# Web Scraping
* Many sources of information on the internet are presented for purely human consumption on a web page.
* This can either be intentional or unintentional.
* Even though websites appear to be highly unstructured, the underlying language HTML cannot be.
    * We can take advantage of this fact to generate structured datasets from the "unstructured" website
    
## Legal Disclaimer
* The legality of webscraping is a subject for debate and varies on a case by case basis, we need to be cognizant of this when engaging in such practices:
    * http://www.prowebscraper.com/blog/six-compelling-facts-about-legality-of-web-scraping/
    
* Be sure to consult the ToS to see if there are violations by scraping the website.
    
* If it's allowed, a general rule of thumb is to not be disruptive/damaging to the service freely providing the information, i.e. if you decide to scrape a website don't send more requests than is reasonable for a human browsing the website.
    
## Overview

* We use both the requests library (seen previously) and a library called "Beautiful Soup" used commonly for webscraping in python.

* We will introduce the basic concepts on a "scraping sandbox" that is provided by scraping web service:  http://toscrape.com/

* More specifically we will focus on the "book store example" http://books.toscrape.com/

# The Madeup Bookstore

* Suppose we want to create an algorithm for selecting the next book we want to buy and read.
    * lets keep it simple like stars per dollar!
* There's no API from this bookstore so we'd either need to go through and manually enter data into a spreadsheet!
* Alternatively we can have the computer take care of this tedious work, we just need to be clever about it!

## Get the data

In [None]:
import requests
import pandas as pd
from bs4 import BeautifulSoup
import time

In [None]:
content = requests.get('http://books.toscrape.com/')

In [None]:
print(content.content)

## Make sense of the data

* This is clearly a mess so how do we make sense of it??
* The answer is beautiful soup!
    * HTML parsing library that's pretty easy to use

In [None]:
soup = BeautifulSoup(content.content)

## Grabbing the elements we care about

In [None]:
pods = soup.find_all('article',class_="product_pod")

In [None]:
print(pods[0])

In [None]:
# Okay now we can find the title
pods[0].find('h3').find('a').get('title')


In [None]:
# Okay now we can find ratings
pods[0].find('p',class_='star-rating').get('class')[1]

In [None]:
# bingo we got the price!
pods[0].find('p',class_="price_color").text

## Getting more than one Book

In [None]:
def switch_stars(stars):
    
    s = stars.lower().strip()
    
    if s == 'one':
        return 1
    elif s == 'two':
        return 2
    elif s == 'three':
        return 3
    elif s == 'four':
        return 4
    elif s == 'five':
        return 5
    else:
        return 0

In [None]:
def parse_pods(pods):

    data = {'titles':[],
            'stars':[],
            'price':[]}

    for pod in pods:

        title = pod.find('h3').find('a').get('title')

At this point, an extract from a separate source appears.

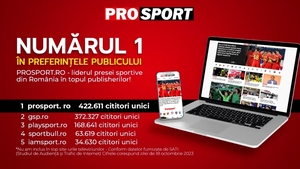 PROSPORT.RO – LIDERUL PRESEI SPORTIVE DIN ROMÂNIA ÎN TOPUL PUBLISHERILOR DIN DATA DE 18 OCTOMBRIE 2023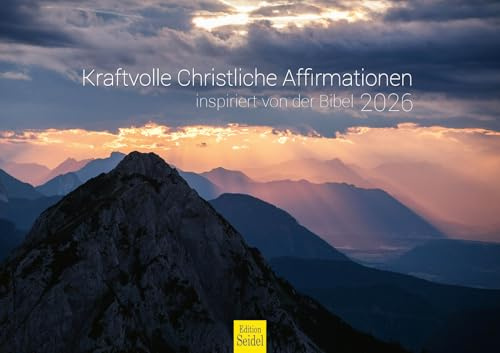Edition Seidel Calendario premium Afirmaciones Cristianas 2026, formato DIN A3, calendario de pared, versículos bíblicos, citas inspiradoras, sabiduría, inspiración, motivación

        data['titles'].append(title)

        stars = switch_stars(pod.find('p',class_='star-rating').get('class')[1])

        data['stars'].append(stars)

        price = float(pod.find('p',class_="price_color").text[1:])

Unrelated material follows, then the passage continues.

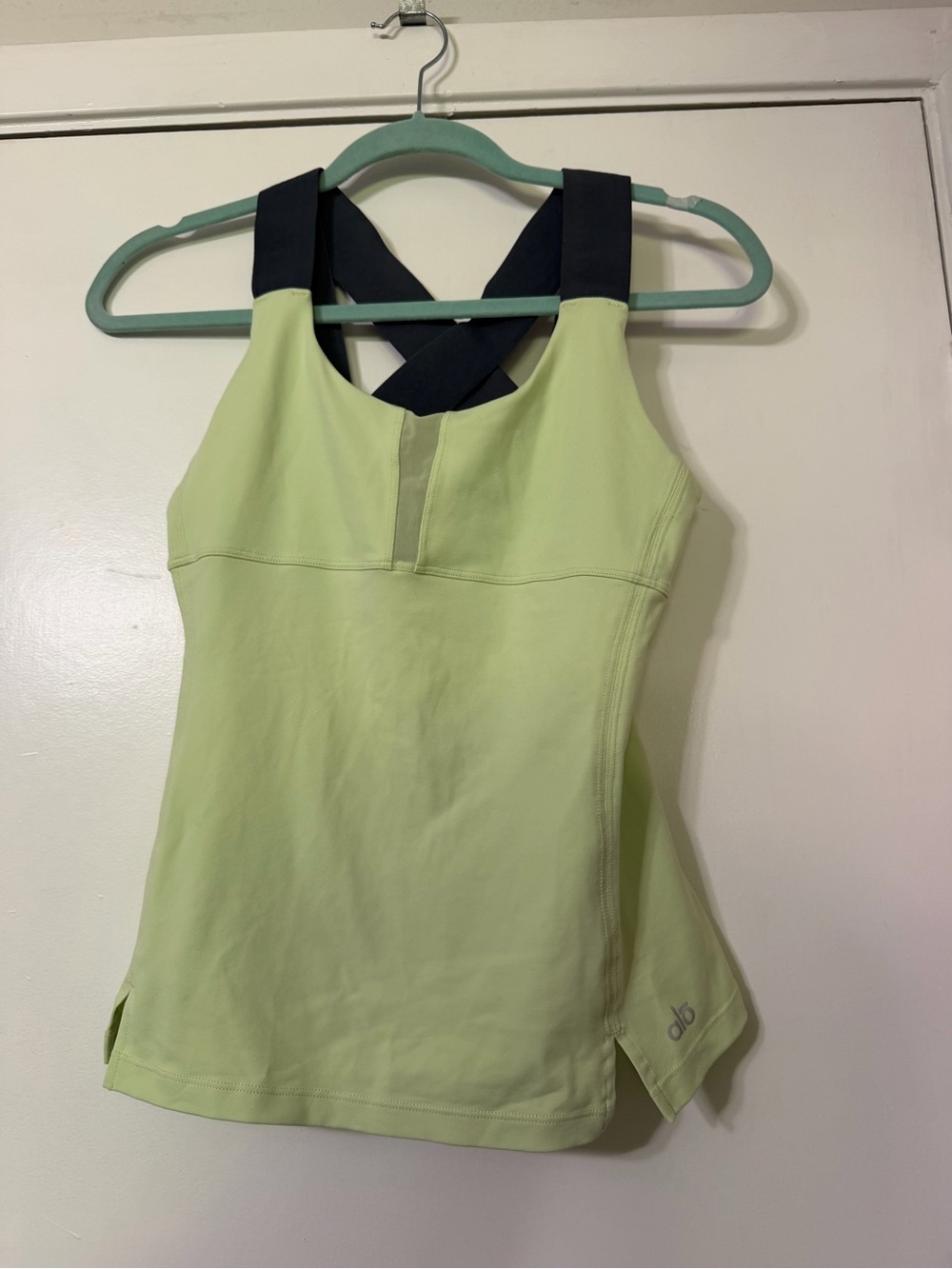 ALO Yoga Light Lime Tank with Navy Crossback Straps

        data['price'].append(price)
        
    df = pd.DataFrame(data=data)
    
    return df
    

In [None]:
df = parse_pods(pods)
display(df)

## Adding more pages
* We're going to a pretty sloppy hack to grab the next pages
* Can you see how the url changes as we switch pages?


In [None]:
dataframes = []

for i in range(1,11):
    content = requests.get(f'http://books.toscrape.com/catalogue/page-{i}.html')
    soup = BeautifulSoup(content.content)
    pods = soup.find_all('article',class_="product_pod")
    
    dataframes.append(parse_pods(pods))

    time.sleep(3) # time out so we're not jerks.

## Making a decision

In [None]:
df = pd.concat(dataframes,ignore_index=True)
display(df)

In [None]:
df['price_per_star'] = df['price']/df['stars']
df.sort_values(by = 'price_per_star',ascending=True)

## Challenges

* Can you grab the authors? 
* Can you grab the genres? 
* Can you get the next pages from the hyperlinks?
* Can you get the "ISBN"?
* Can you get the description?